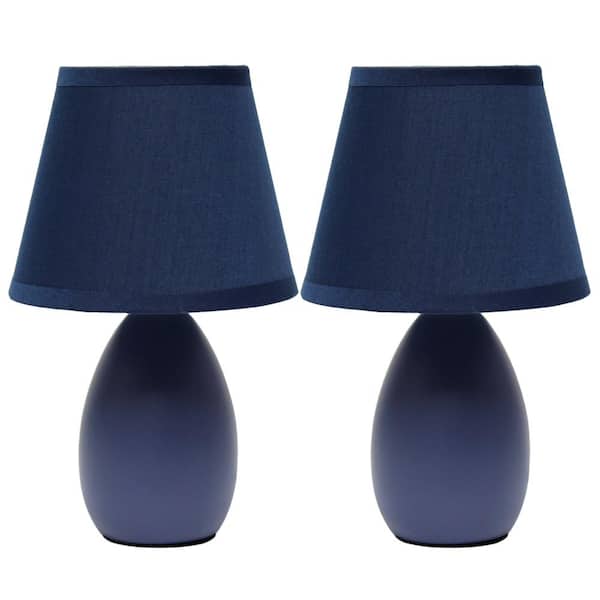 Simple Designs 9.45 in. Blue Oval Egg Ceramic Mini Table Lamp (2-Pack)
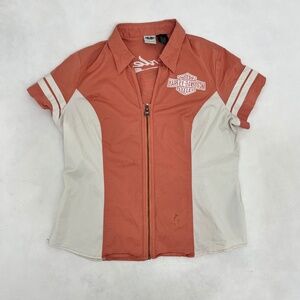 Harley Davidson Womens Size 2X-Large Shirt‎ Pink Short Sleeve Full Zip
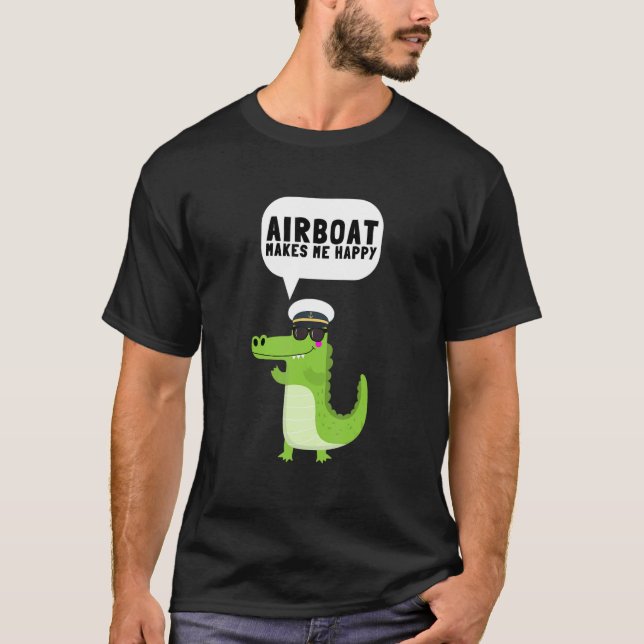 Airboat Swamp Hydroplane Fanboat Airboothover T-Shirt (Vorderseite)
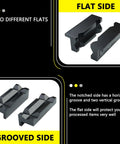 Four Inch Magnetic Vise Jaw Pads Made From Boss Level Billet Aluminum With A Slick Anodized Coating Reversible Drop In Design showing flat and grooved sides.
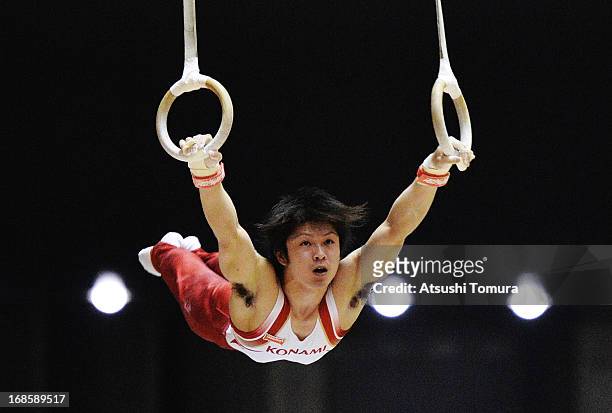 Kohei Uchimura of Japan competes on the rings during day two of the 67th All Japan Artistic Gymnastics Individual All Around Championship at Yoyogi...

------

Leave every picture out and copy precisely the lines from the one containing "Airboat Swamp Hydroplane" through the last line of the data above, both ends included.

 Airboat Swamp Hydroplane Fanboat Airboothover T-Shirt (Vorderseite)
 Four Inch Magnetic Vise Jaw Pads Made From Boss Level Billet Aluminum With A Slick Anodized Coating Reversible Drop In Design showing flat and grooved sides.
 Kohei Uchimura of Japan competes on the rings during day two of the 67th All Japan Artistic Gymnastics Individual All Around Championship at Yoyogi...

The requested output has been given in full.